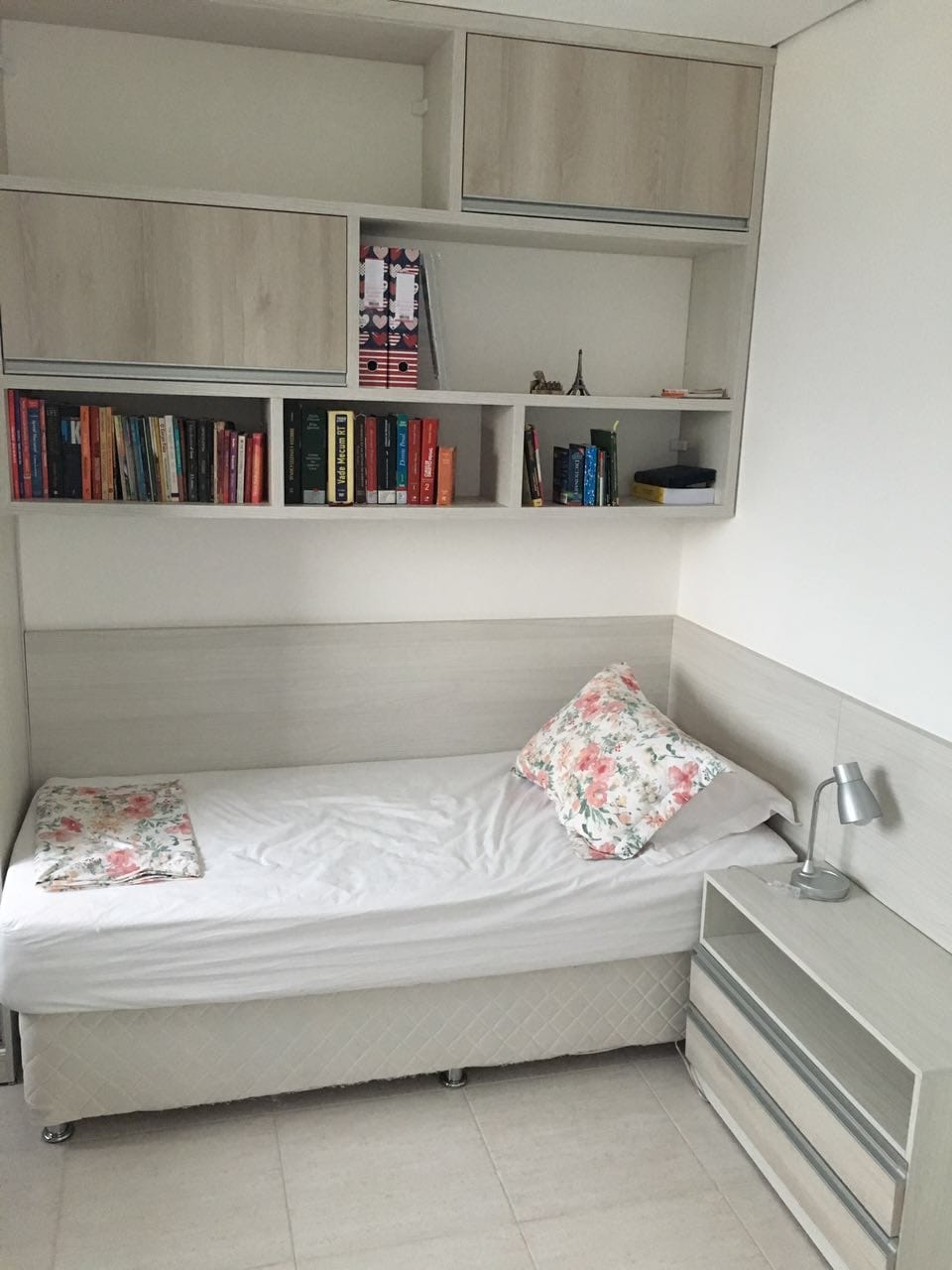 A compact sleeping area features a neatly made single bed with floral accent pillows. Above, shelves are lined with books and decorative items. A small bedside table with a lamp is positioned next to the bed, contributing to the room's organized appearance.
* * *
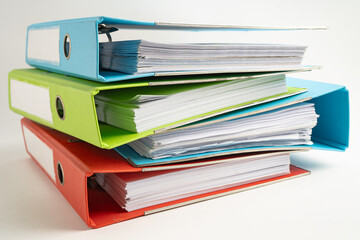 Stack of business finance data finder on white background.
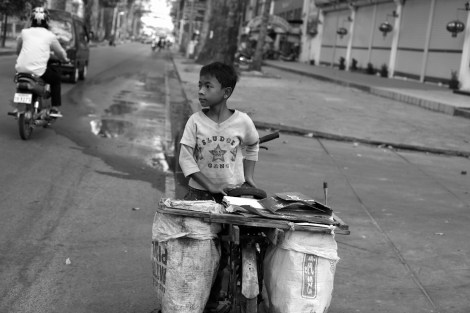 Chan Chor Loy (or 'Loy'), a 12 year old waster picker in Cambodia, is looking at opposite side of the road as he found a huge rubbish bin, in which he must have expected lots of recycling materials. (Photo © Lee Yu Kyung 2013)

**BRIEF**
Everything above from the line with "Stack of business" through the line with "Chan Chor Loy" should be retyped exactly, and nothing else; omit pictures.

**WRITTEN ANSWER**
 Stack of business finance data finder on white background.
 Chan Chor Loy (or 'Loy'), a 12 year old waster picker in Cambodia, is looking at opposite side of the road as he found a huge rubbish bin, in which he must have expected lots of recycling materials. (Photo © Lee Yu Kyung 2013)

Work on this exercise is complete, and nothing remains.